7/8「一番のいいニュース」
アルゼンチンのプロゴルファー、ロベルト・デ・ビセンゾは、1967年の全英オープンで優勝。
ゴルフ後進国だったアルゼンチンに初めてメジャータイトルをもたらした名ゴルファーです。
あるトーナメントで優勝したビセンゾ。
優勝賞金の小切手を持ってクラブハウスを出ると、そこに一人の若い女性が近づいて彼に話しかけました。
優勝のお祝いを述べた後、彼女は、「実は自分には重い病気の子どもがいて死にかけている。医者に診せる費用や入院費をどうやって支払えばいいかわからない」と告白するのです。
子を思う母親の切迫した思いに同情したビセンゾは、「これが少しでも子どものためになれば」と、獲得したばかりの優勝賞金の小切手をその場で裏書きして、彼女の手に握らせました。
後日、彼はこのクラブハウスの職員から、先日会った女性が実は詐欺師だったことを知らされます。
「病気の子どもなんかいない。

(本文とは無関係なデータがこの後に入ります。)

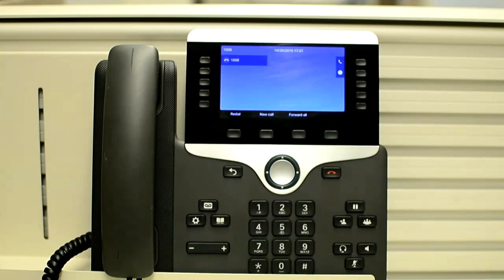In this video I will explain how you can check the call statistics on the 8860 phone. It is very useful if you are troubleshooting a no-way voice or one-way voice issue. It is very helpful to narrow down the issue, as it tells you whether your phone is sending and receiving packets.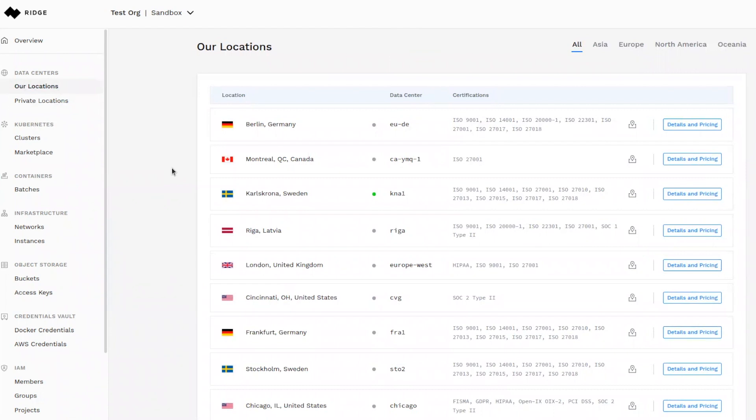Similarly, Ridge enables you to deploy in edge locations in case you need to deploy in a single box anywhere in the world and you don't have a virtualization system. Ridge can connect to bare metal machines and transform them into a mini data center with modern cloud native services.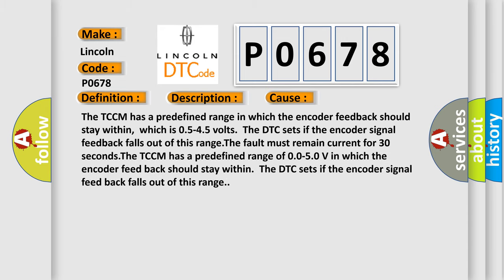The TCCM has a predefined range in which the encoder feedback should stay within, which is 0.5 to 4.5 volts. The DTC sets if the encoder signal feedback falls out of this range. The fault must remain current for 30 seconds.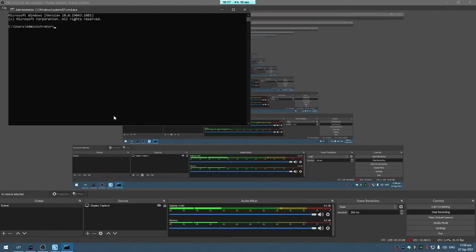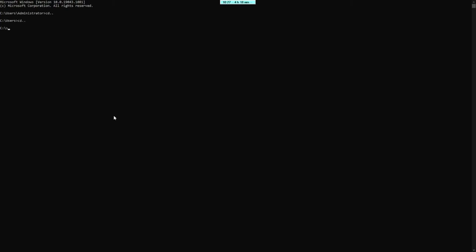Hi guys, pupunta na po tayo dito sa DOS Operating System. CD to look to talk, CD to change directory, CLS, clear screen.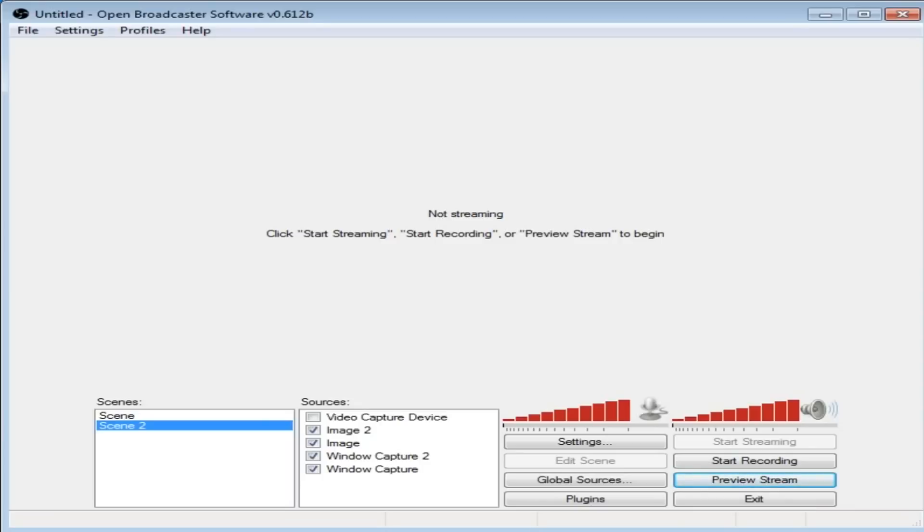It's so much better than the program I used to use called AmCap, which you could only have open for 15 minutes. After that it would stop and say, 'Go buy the full version to have this program open for longer than 15 minutes.' So, forget AmCap if you're using it for your Dazzle. Get OBS.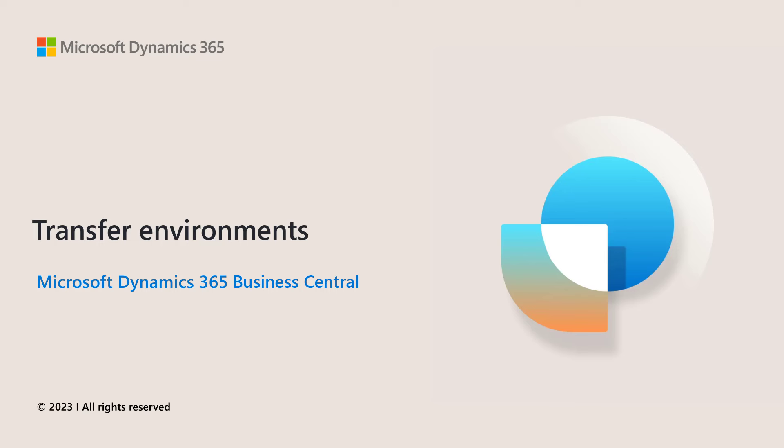Welcome to this video about the Environment Transfers feature. Transferring environments between different Entra tenants can now be done through the Tenant Admin Center. Customers can use this feature when they're consolidating multiple tenants into one.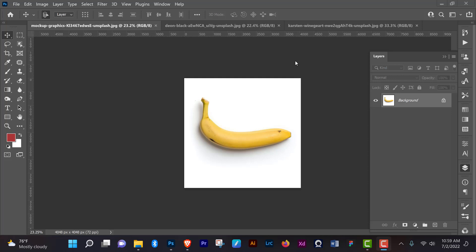Hello everyone, welcome back to another awesome tutorial. In this tutorial I'm going to be showing you how to cut out objects together with their shadow. For this to work you need an object on a solid background. If the object is not on a solid background this is going to be very difficult — you might have to recreate the shadow yourself. So without further ado, let's jump right into it.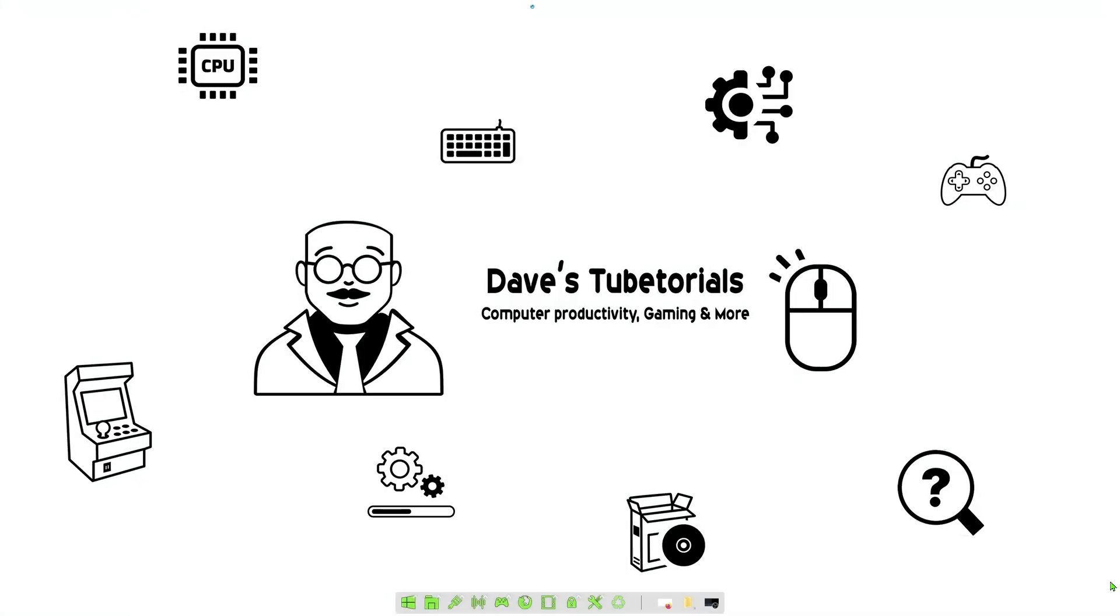Hey everyone, welcome to a new video. This is going to be a quick one on how to get the game Stardew Valley and also a game called Secret of Grindea to work with ReShade.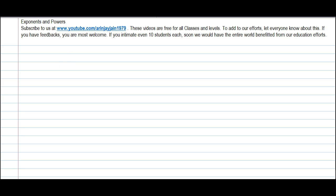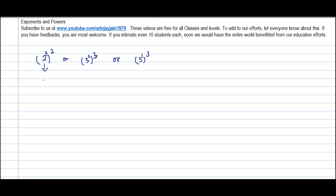In this lecture we are going to understand the concept of multiple powers. Consider numbers like two to the power three to the power two, or three to the power two to the power three, or five to the power one to the power three. What happens here is you've got a particular number, let's say 'a', which has a particular power, let's call it m, and then you have another power of this entire number, let's say n.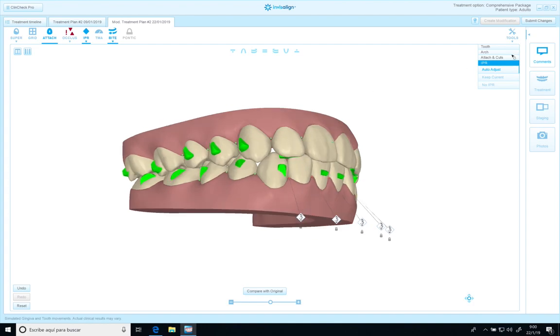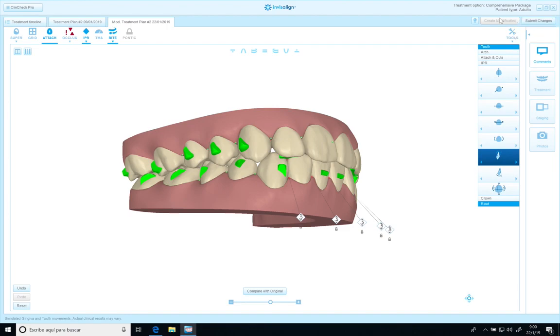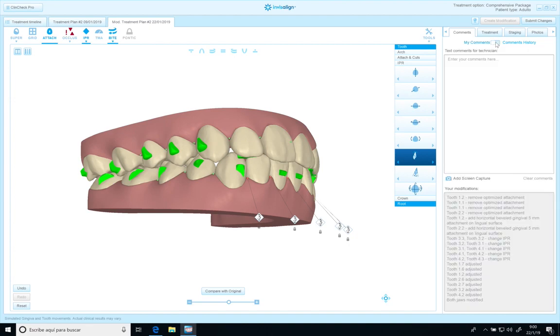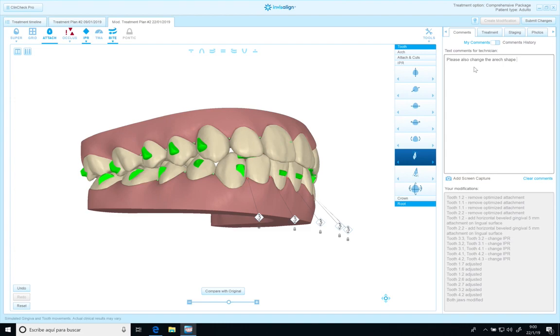Perfect. And now my instructions. Please also change, I'm going to change the arc shape to more parabolic.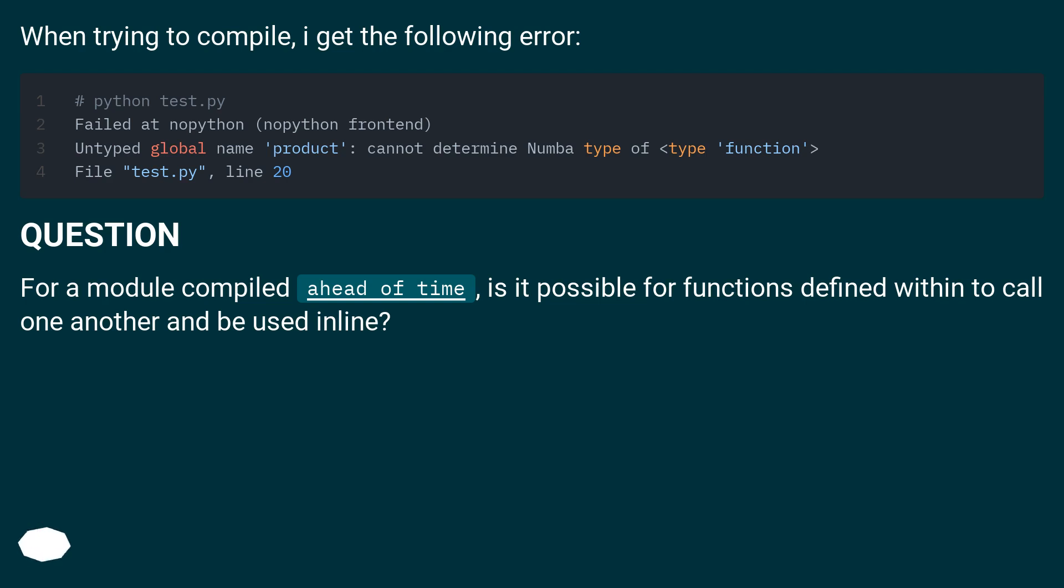Question: For a module compiled ahead of time, is it possible for functions defined within to call one another and be used inline?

彼女は結婚さえしていない。あなたは騙されたのです」
それを聞いて、ビセンゾはもう一度、確認の質問をしました。
「では、本当に死にかけている子どもはいないのかい?」
残念そうに「その通りです」とうなずく職員。
しかし、ビセンゾは逆に笑顔になり、「それはよかった。今週聞いた一番いいニュースだよ」と言ったのです。
彼はゴルフそのものとは別にも、伝説的に語り継がれる名ゴルファーとなりました。